Monday, July 20

Engaging Customers: Top Brands Online

Wetpaint and the Altimeter Group released a study today that confirms what seasoned communicators with several years of experience already know. Deep engagement with consumers through social media channels correlates to better financial performance. How much?

Companies engaged in social media grew company revenues by 18 percent over the last 12 months. The least engaged saw revenues sink 6 percent over the same time period.

"The closer any company is to its customers, the better, and it's hard to argue with the ability for social media to create such proximity," said Ben Elowitz, CEO of Wetpaint. "In this day and age, companies should feel much more comfortable investing in social media -- the correlation to results is so clear."

The study also concludes that companies which only establish an online presence — present in a few social media channels (Blogs, Facebook, Twitter, etc.) that push messages and seldom engage customers or those spread too thin across dozens of channels — tend to see lackluster returns on investment.
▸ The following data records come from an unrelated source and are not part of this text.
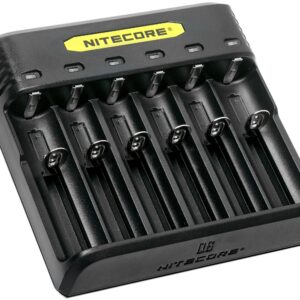 CARREGADOR NITECORE Q6 QUICK CHARGER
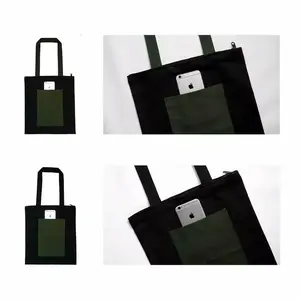 TOTEBAG KANVAS ORIGINAL with pocket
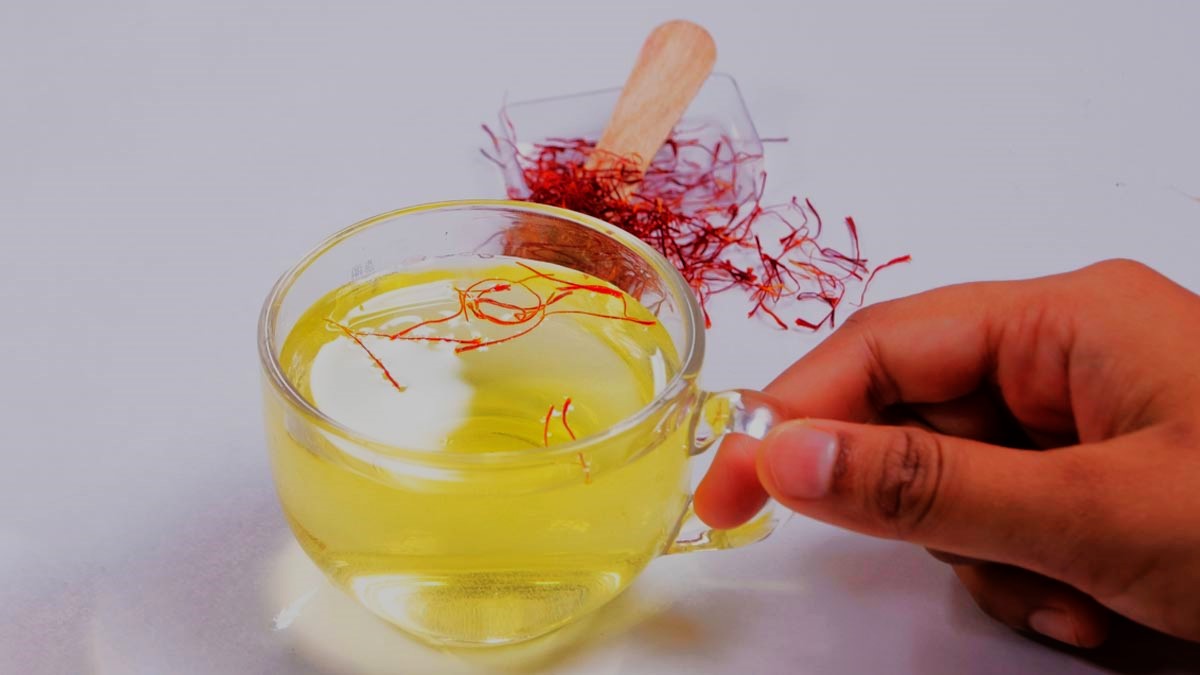 What will happen if you drink saffron water every morning?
Who are the top ten brands engaged in social media?

1. Starbucks
2. Dell
3. eBay
4. Google
5. Microsoft
6. Thomson Reuters
7. Nike
8. Amazon
9. SAP
10. Yahoo!/Intel (tie)

You can find the entire study via an interactive Web site. Starbucks, which has one of the most prominent engagement strategies demonstrates it understands all strategies require central coordination, each social media channel requires different engagement, and leading company participants understand and can mitigate risk.

Companies often implement technologies without a clear view of how they fit into and support corporate goals. They thus end up with a bunch of point solutions, but no strategy — and worse, no results, with increased internal and external risk.
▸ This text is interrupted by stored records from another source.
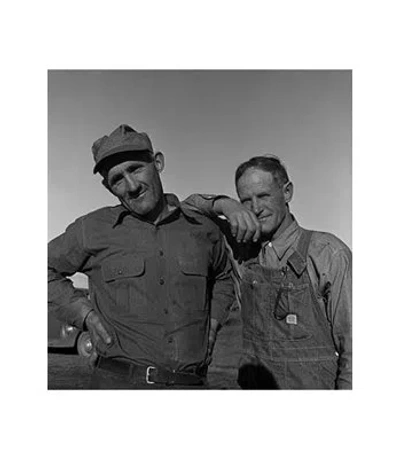 Buyenlarge Heads Of Families On The Mineral King Cooperative Farm - Photographic Print In Black;white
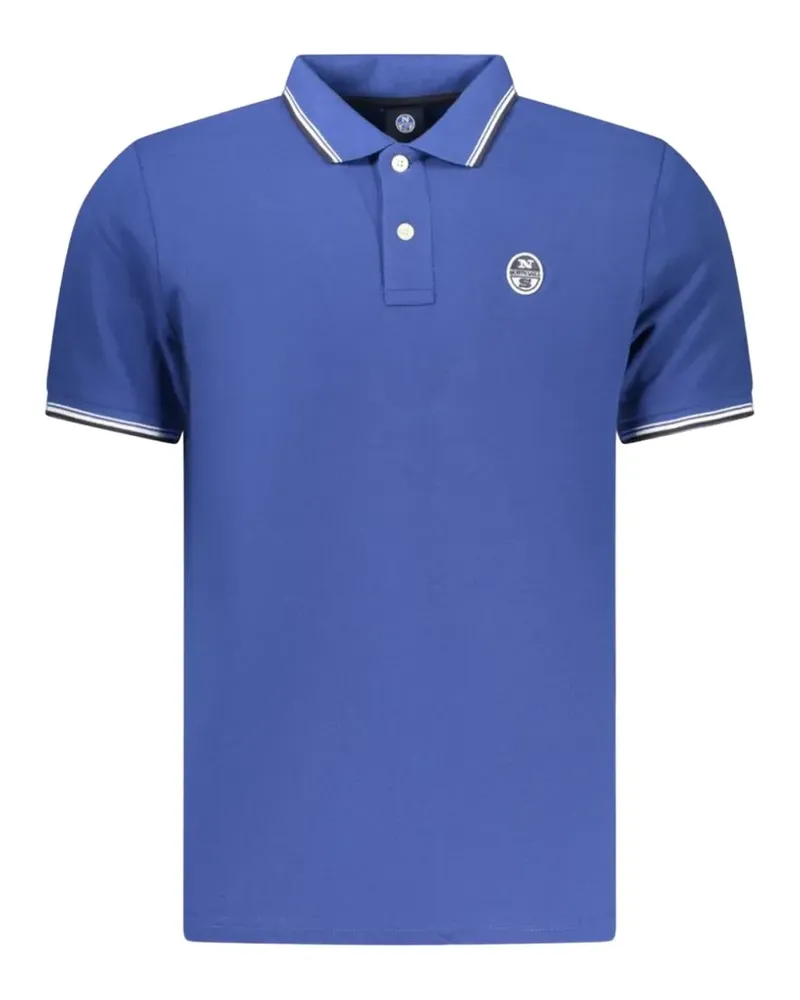 North Sails short sleeve polo shirt - Blau Blau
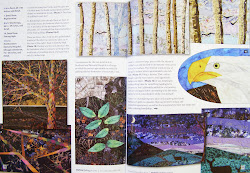 My article in the Nov/Dec 2012 issue of Machine Quilting Unlimited
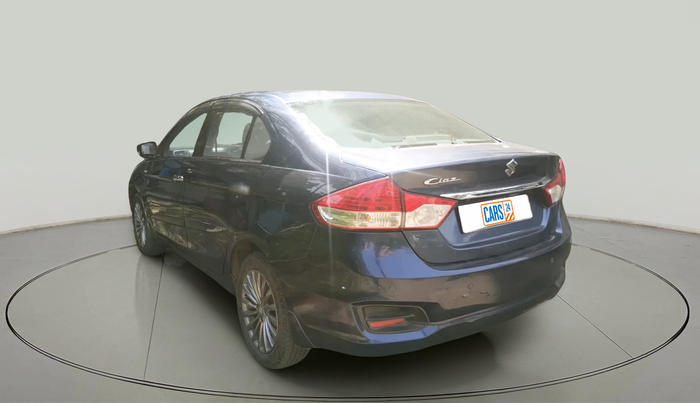 2017 Maruti Ciaz ALPHA  AT 1.4  PETROL, Petrol, Automatic, 52,208 km, exterior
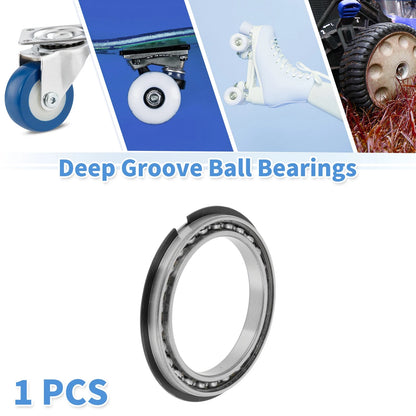 6813NR 65x85x10mm Deep Groove Bearings P0 for Scooter Skateboard Wheel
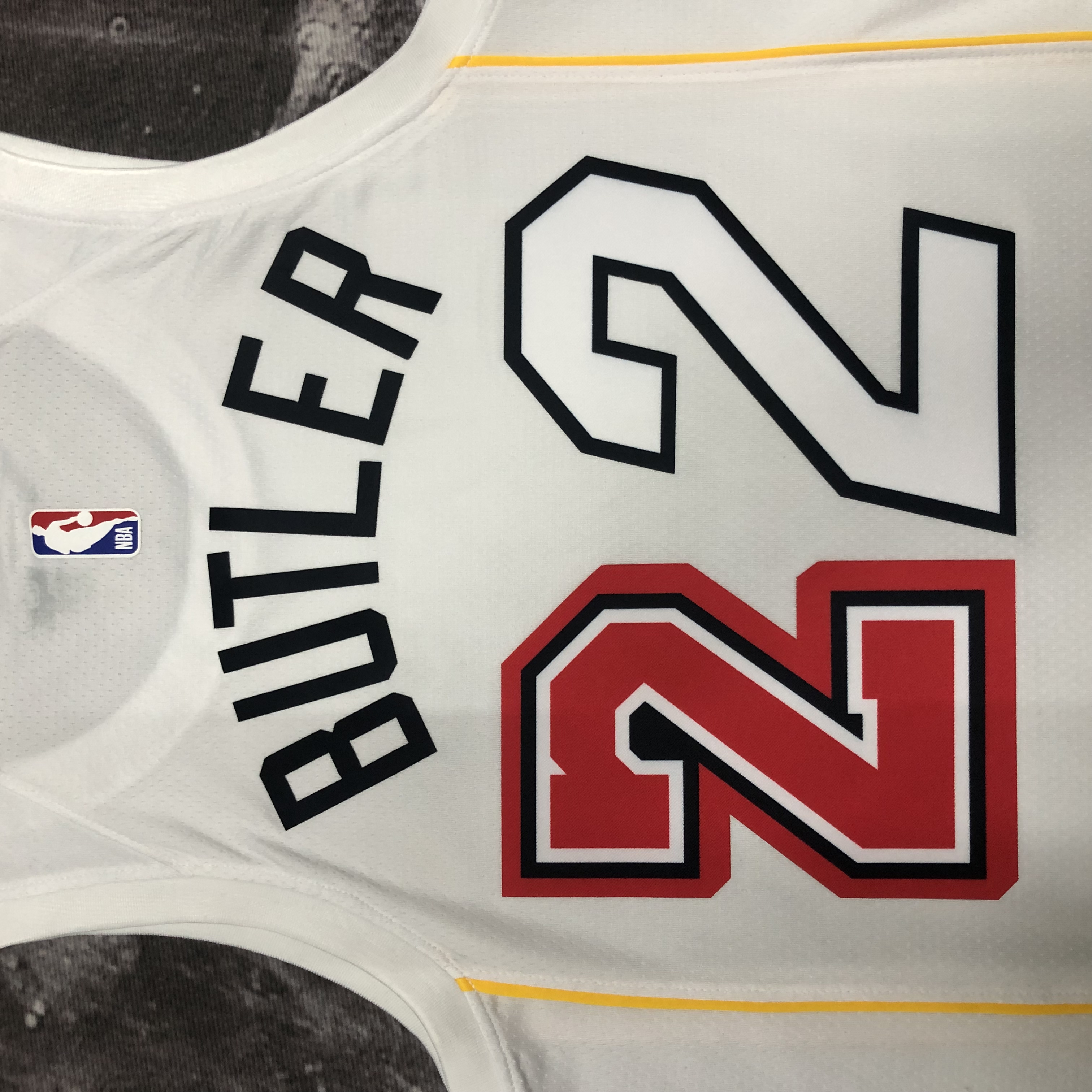 23 Season Miami Heat City Edition  No.22 Butler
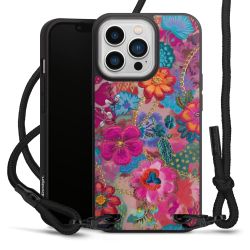 Carry Case Black Line Fabric black/matt black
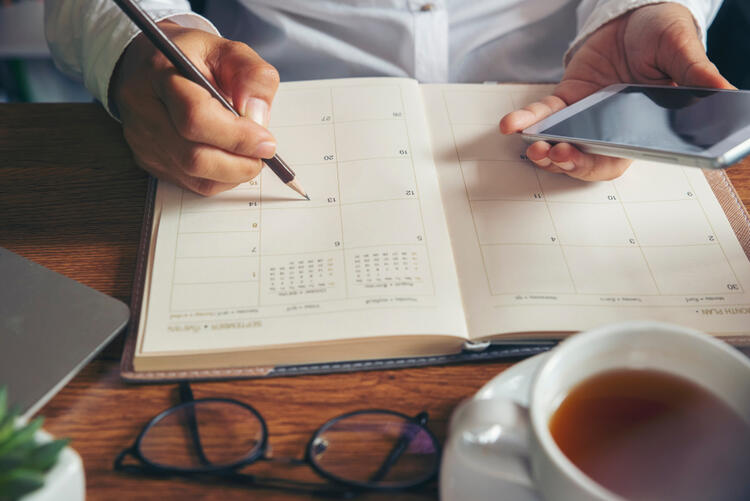 Five Time Management Tips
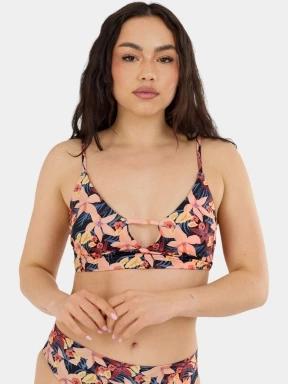 Fundango Sahara V-Neck Cami Top női bikini felső rózsaszín színben 1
What does the study mean for smaller businesses?

Companies, regardless of size, need to move beyond tactical considerations and realign their communication plans to fit strategic goals with measurable results. All of their communication decisions need to be grounded in research before companies launch any number of social networking accounts, blogs, and other online technologies.

As mentioned last week, we recently conducted a market intelligence study on a niche industry that should be outperforming despite any economic constraints. However, as this niche tended to rely exclusively on traditional marketing and tactical communication, we were not surprised to find that 15 percent of these businesses had closed in the last six months.

Ergo, even small business needs to reevaluate its communication plans from the bottom up, with those including social media being the most likely to succeed. However, keep in mind, simply entering into social media — creating a fan page or Twitter account — is hardly enough and may even be detrimental. How detrimental? Come back tomorrow.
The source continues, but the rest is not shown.